DATA PROVIDED>

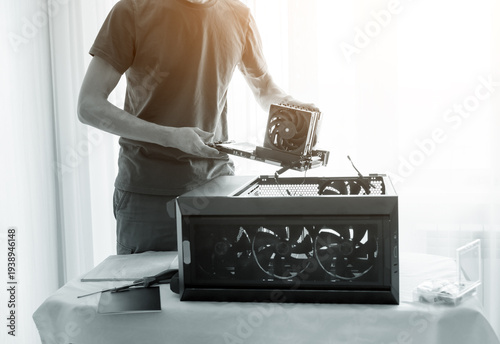 Man assembling a desktop computer in a bright airy workspace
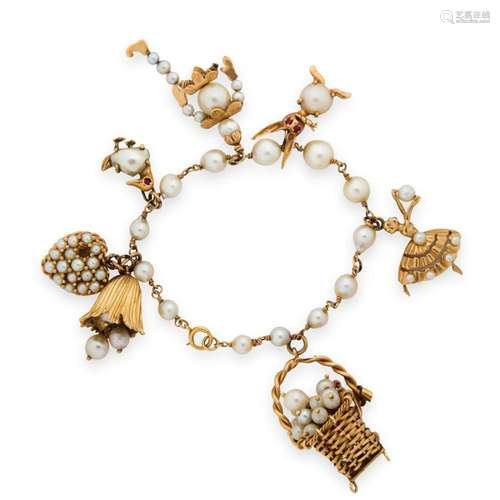 A pearl and fourteen karat gold bracelet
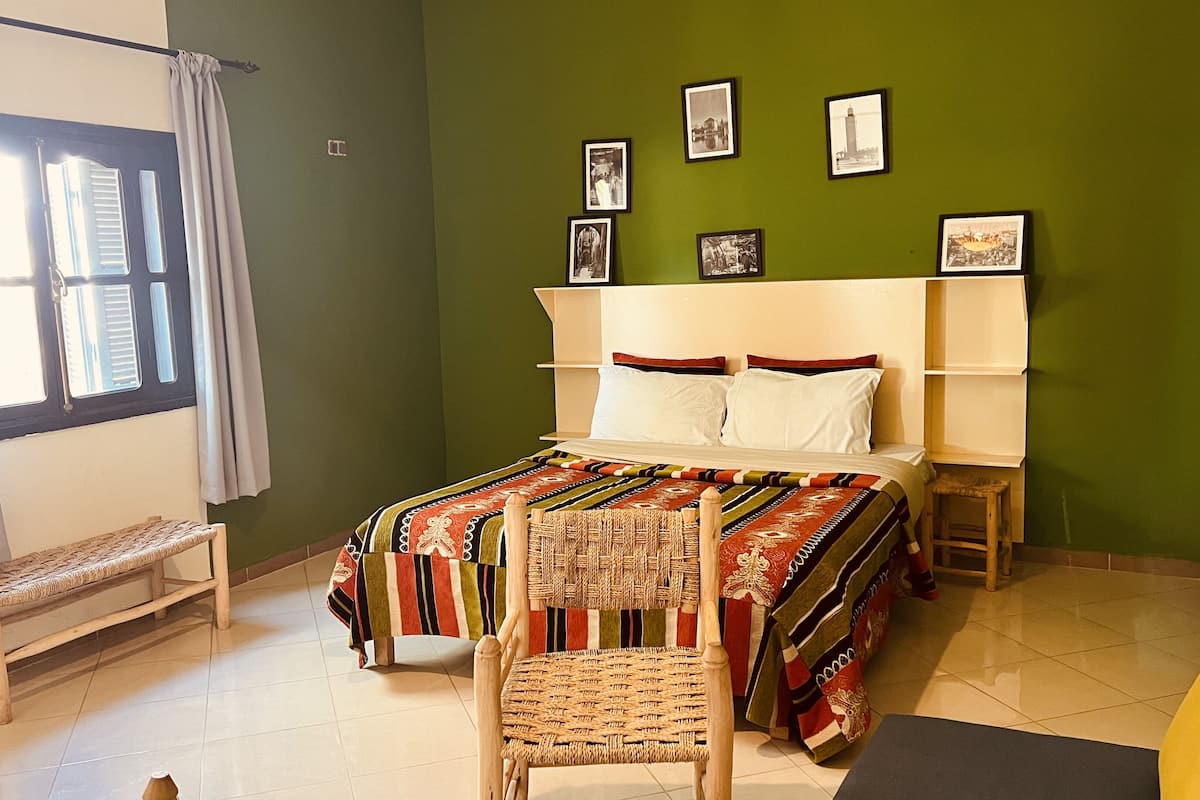 A bedroom with a bed, a bench, a chair, and a wall with framed pictures.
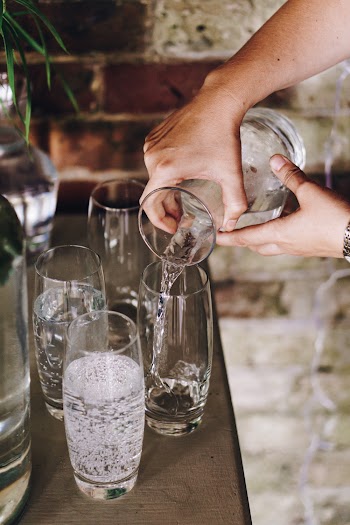 Person Pouring Liquid from Pitcher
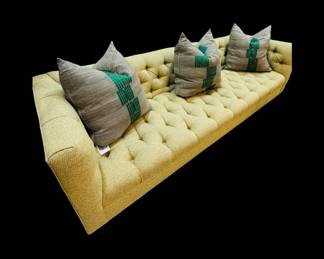 Tufted mustard sofa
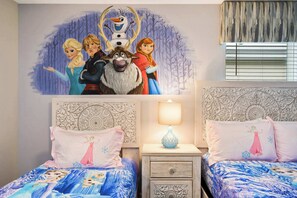 Une chambre avec deux lits, chacun agrémenté d’une couvre-lit à motifs, une table de chevet avec une lampe et une fresque murale représentant des personnages de dessins animés.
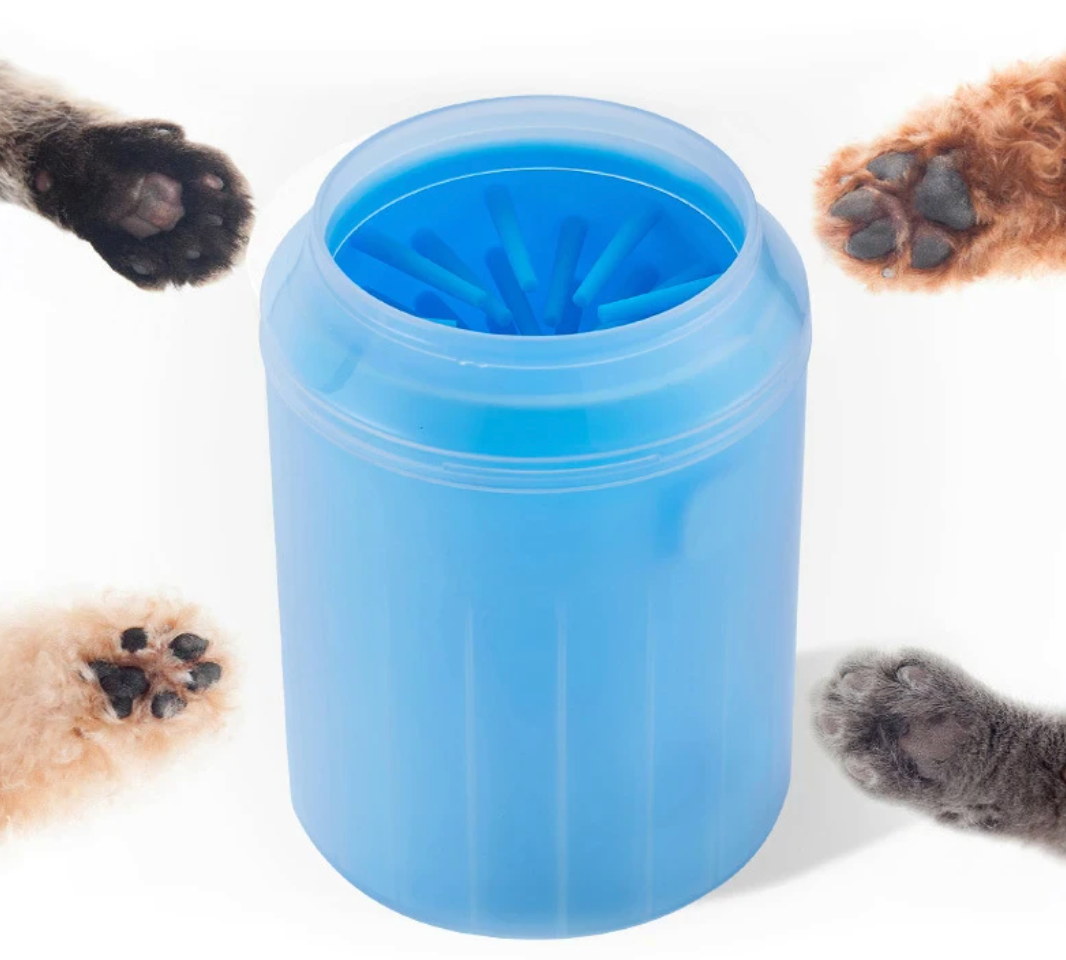 Blue paw cleaner cup surrounded by four dog paws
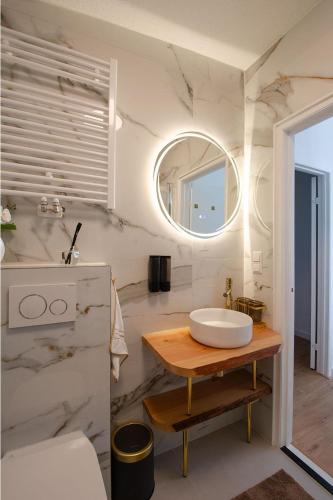 a white bathroom with a sink and a mirror at Golden house - Bungalow near the beach in Noordwijkerhout
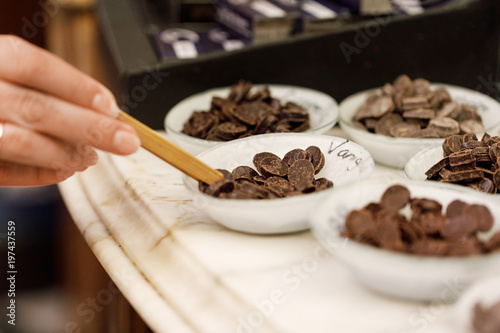 Chocolate drops in bows used as to sample the tast of chocolate 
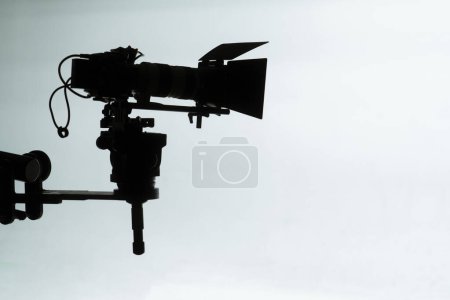 The stark silhouette of a professional film camera and equipment on a bright studio backdrop evokes the essence of filmmaking.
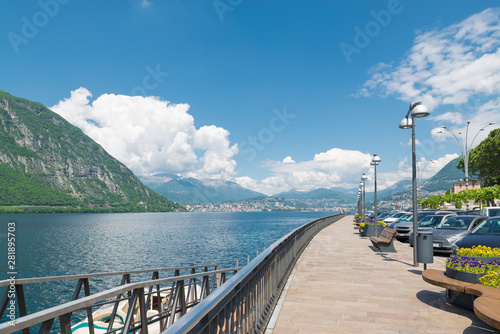 Lake Lugano and Campione d'Italia, Italy. City known for the casino. Lakefront promenade and the city of Lugano in the background, summer landscape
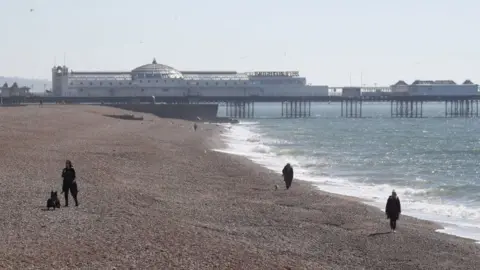 PA Media People walk along Brighton beach on Sunday 5 April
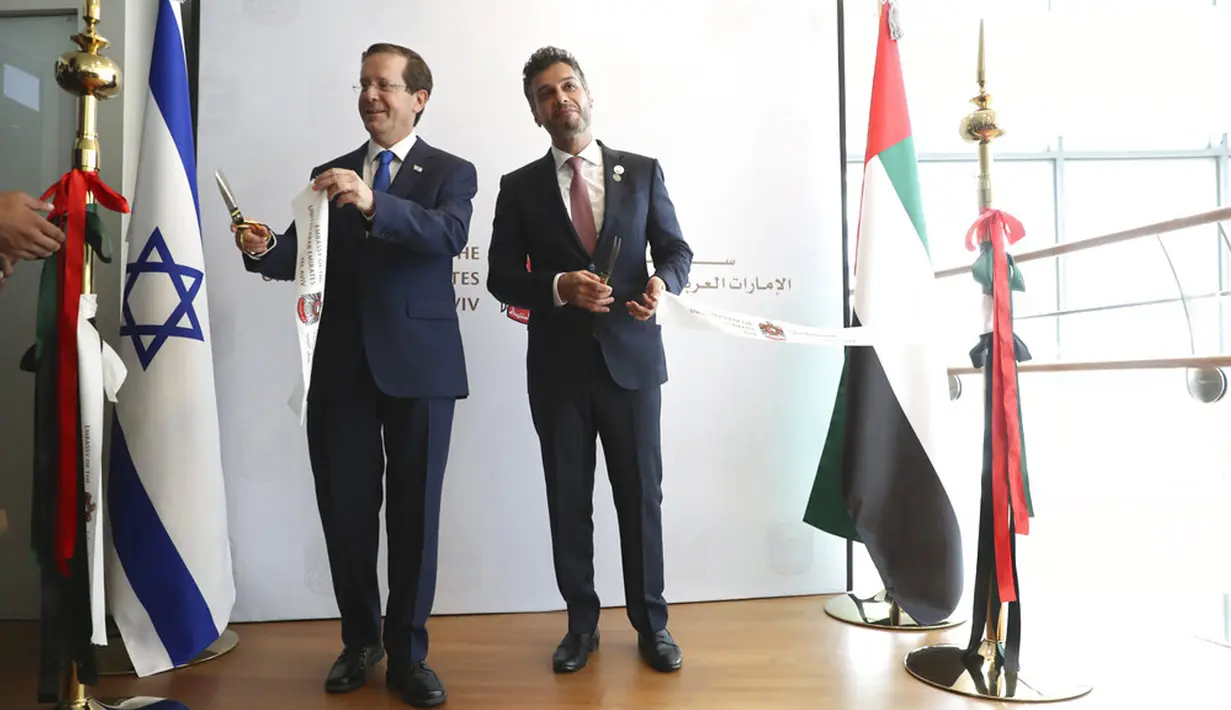 Presiden Israel Isaac Herzog (kiri) memotong pita dengan Duta Besar Uni Emirat Arab (UEA) untuk Israel Mohamed Al Khaja saat upacara pembukaan Kedutaan Besar UEA di Tel Aviv, Israel, Rabu (14/7/2021). UEA secara resmi membuka kedutaannya di Israel. (AP Photo/Ariel Schalit)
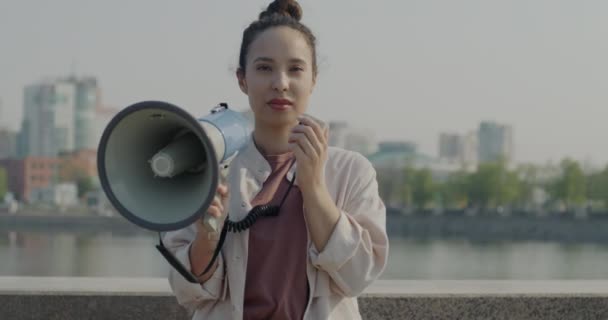 屋外でスピーカーを保持し カメラを見て立って若い女性の平和的な抗議者のスローモーション 社会活動とフェミニズムの概念 — ストック動画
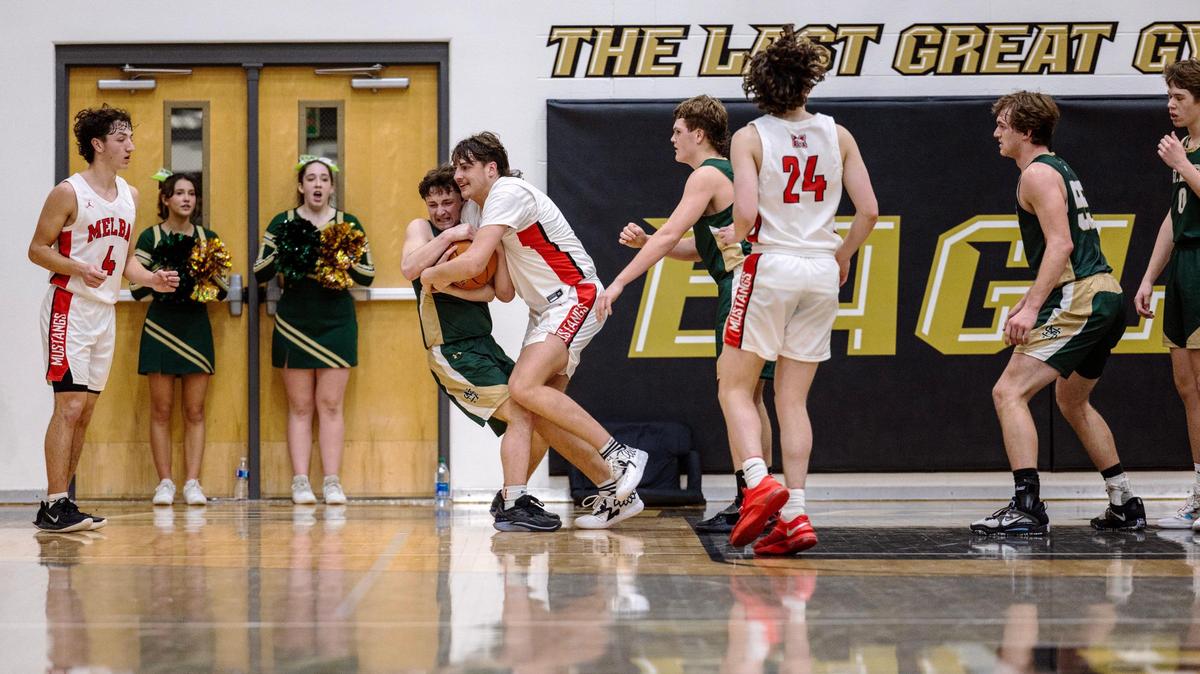 In the final seconds of the game St. Maries senior Trace Wicks and Melba junior Cache Bues fight for control of the ball after a missed shot from St. Maries during the 2A boys basketball state tournament semifinals at Capital High School, Friday, March 3, 2023. Melba won 62-58.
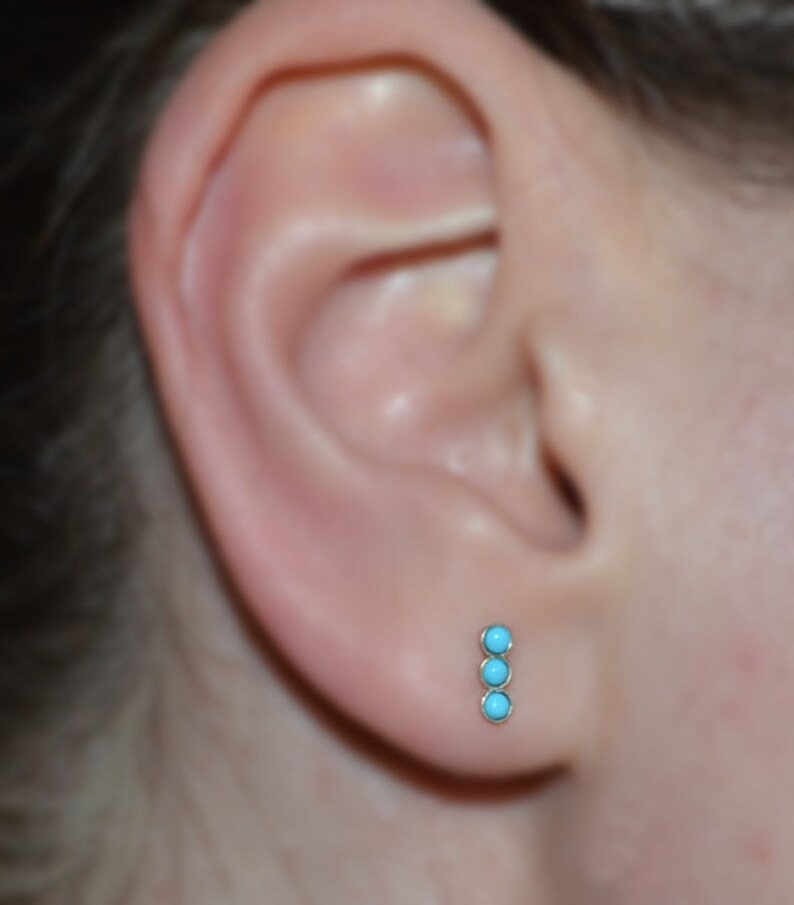 May include: A close-up of a person's ear with a turquoise and gold stud earring. The earring has three turquoise stones in a vertical line.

EXERCISE BRIEF>
The reply should hold the entries above from the line with "Lake Lugano and" to the line with "PA Media People", duplicated exactly, pictures excluded.

RESULT OF THIS EXERCISE>
 Lake Lugano and Campione d'Italia, Italy. City known for the casino. Lakefront promenade and the city of Lugano in the background, summer landscape
 PA Media People walk along Brighton beach on Sunday 5 April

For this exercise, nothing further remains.